__Source data__:

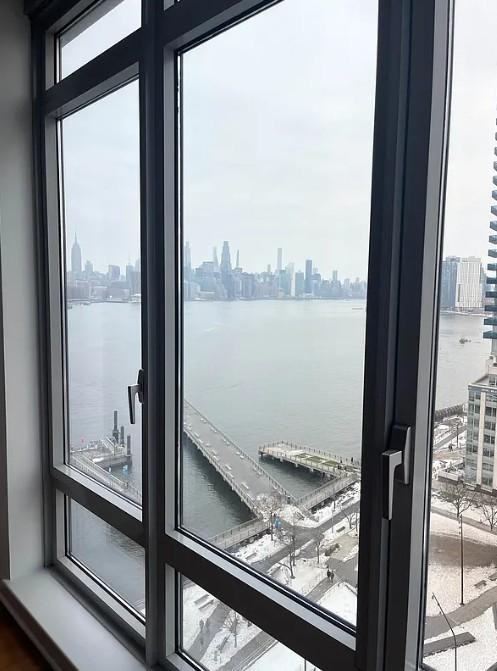 2 Northside Piers - Photo 5 of 10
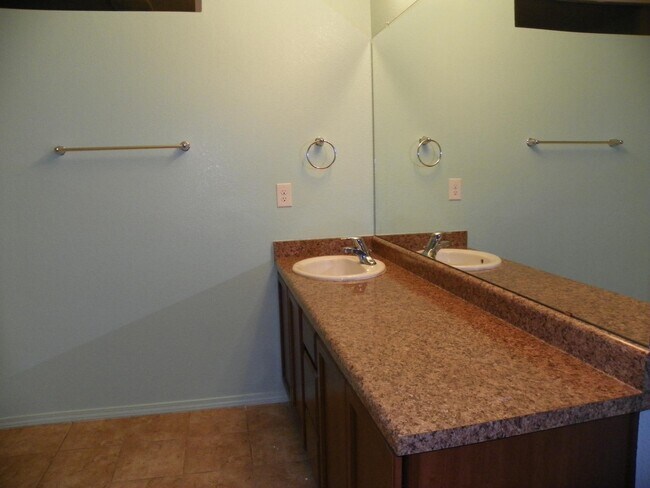 Building Photo - 1214 Northern Lights Way NE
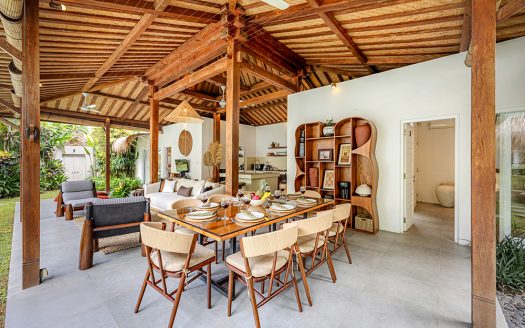 Villa Kaly | Villa 4 chambres à louer | Seminyak – Oberoi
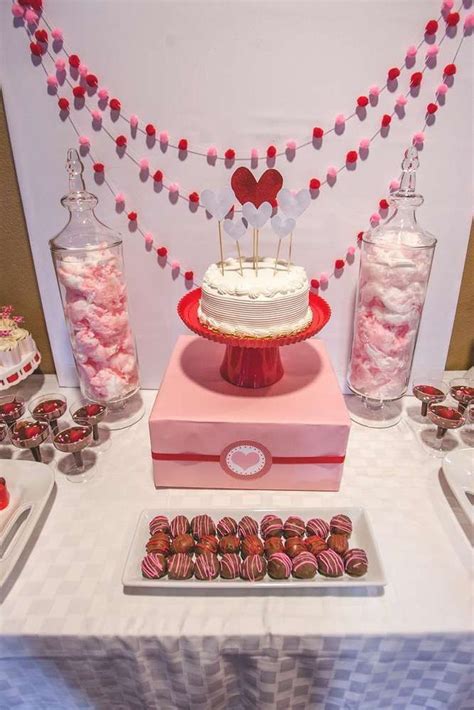 35 Stunning Valentine Theme Party With a Romantic Feel - A Valentine ...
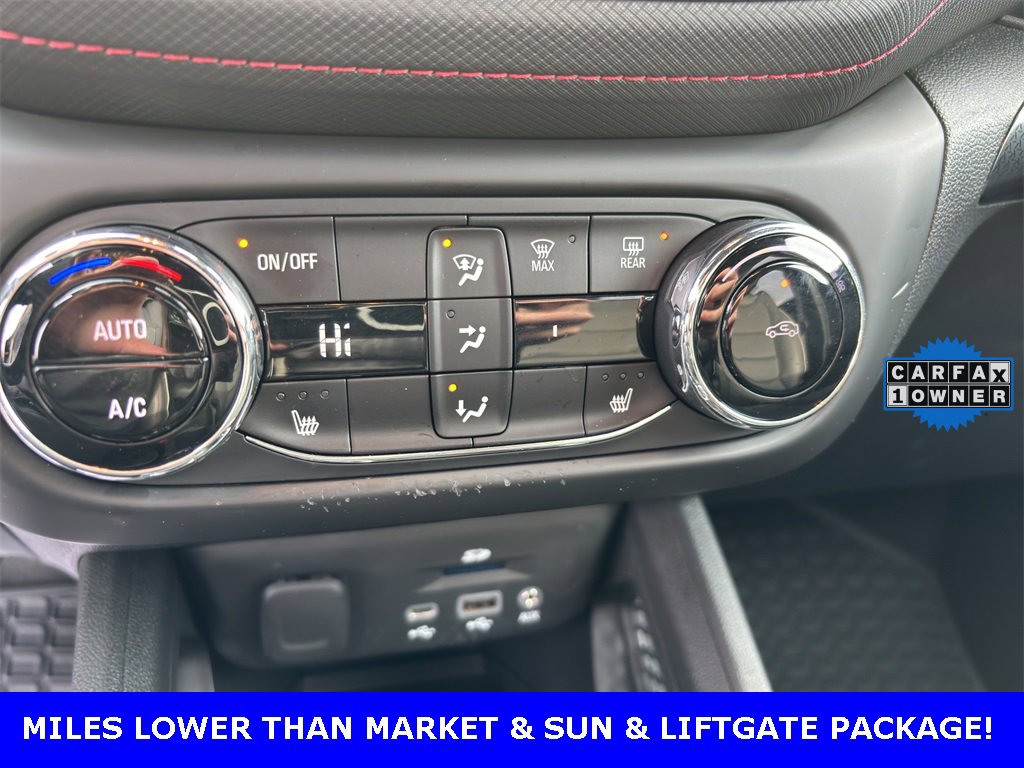 Used 2022 Chevrolet TrailBlazer RS w/ Sun and Liftgate Package image 19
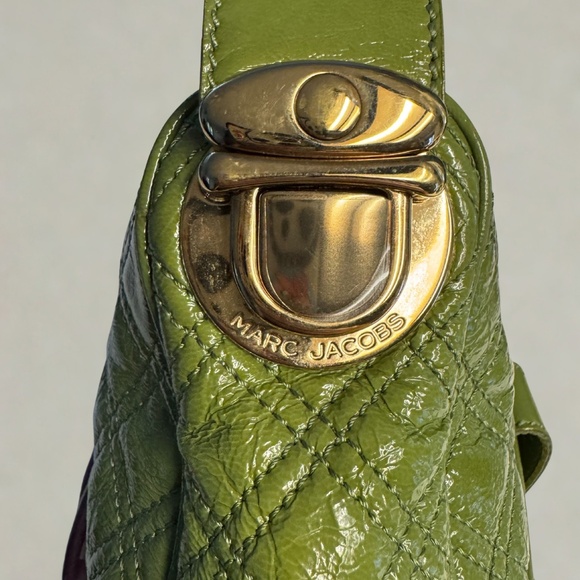 Marc Jacobs Green Patent Leather Ursula Hobo bag - Picture 12 of 13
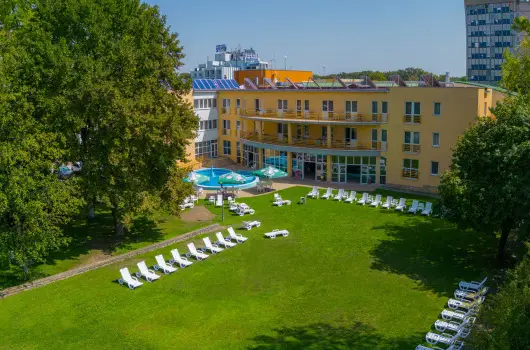 Hunguest Hotel Apollo - Kedvezmnyes r csaldok rszre reggelivel (1 jtl)
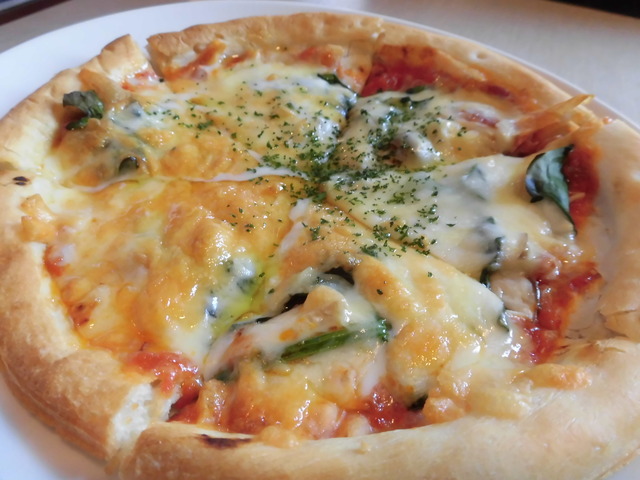 ピリ辛サラミとほうれん草のピザ2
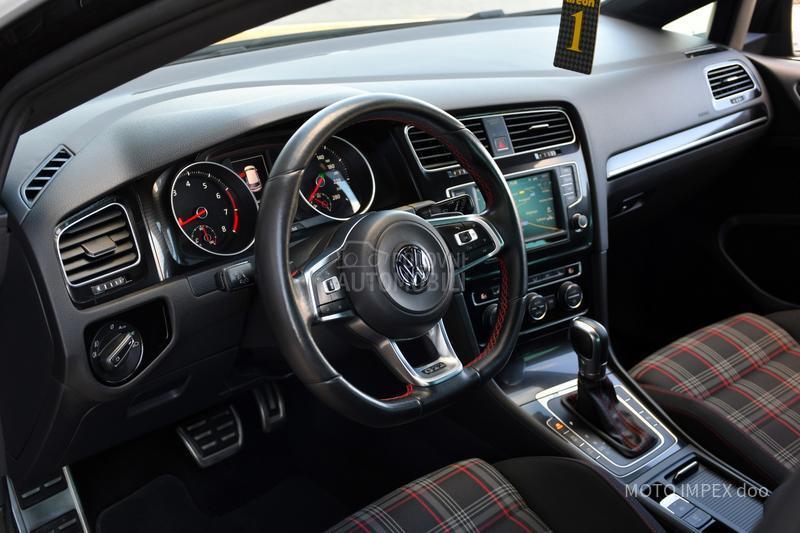 Volkswagen Golf 7 GTI Performance DSG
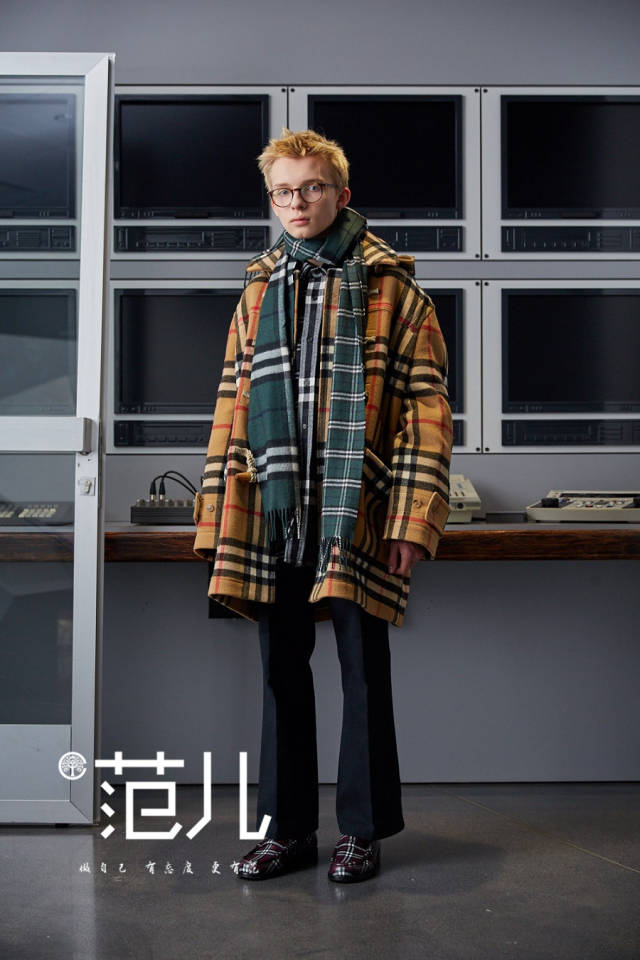 Burberry秒变潮牌？与俄罗斯设计师Gosha Rubchinskiy携手推出的胶囊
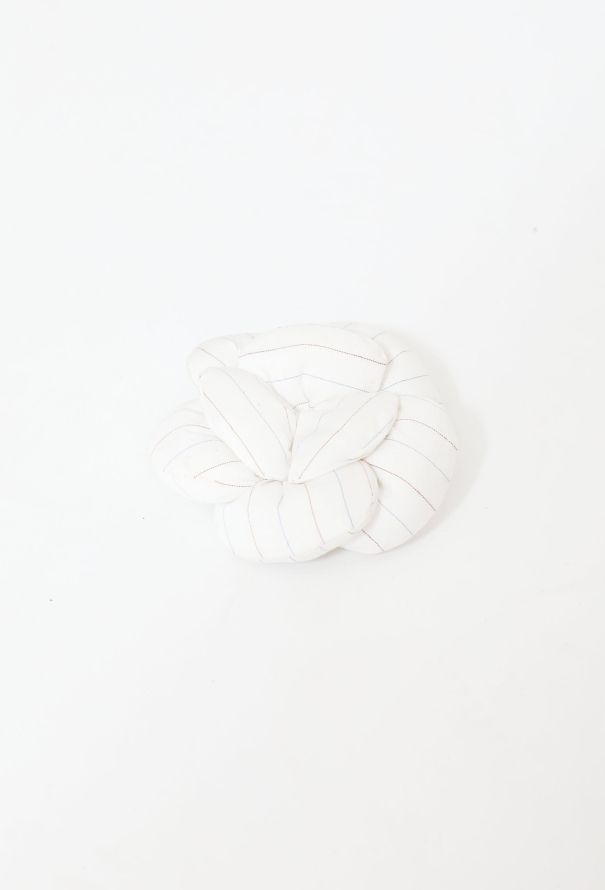 Chanel Pinstripe Camélia Cotton Brooch - 2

__Work required__:
With the pictures removed, set down every line of the listing above exactly.

__Problem solution__:
 2 Northside Piers - Photo 5 of 10
 Building Photo - 1214 Northern Lights Way NE
 Villa Kaly | Villa 4 chambres à louer | Seminyak – Oberoi
 35 Stunning Valentine Theme Party With a Romantic Feel - A Valentine ...
 Used 2022 Chevrolet TrailBlazer RS w/ Sun and Liftgate Package image 19
 Marc Jacobs Green Patent Leather Ursula Hobo bag - Picture 12 of 13
 Hunguest Hotel Apollo - Kedvezmnyes r csaldok rszre reggelivel (1 jtl)
 ピリ辛サラミとほうれん草のピザ2
 Volkswagen Golf 7 GTI Performance DSG
 Burberry秒变潮牌？与俄罗斯设计师Gosha Rubchinskiy携手推出的胶囊
 Chanel Pinstripe Camélia Cotton Brooch - 2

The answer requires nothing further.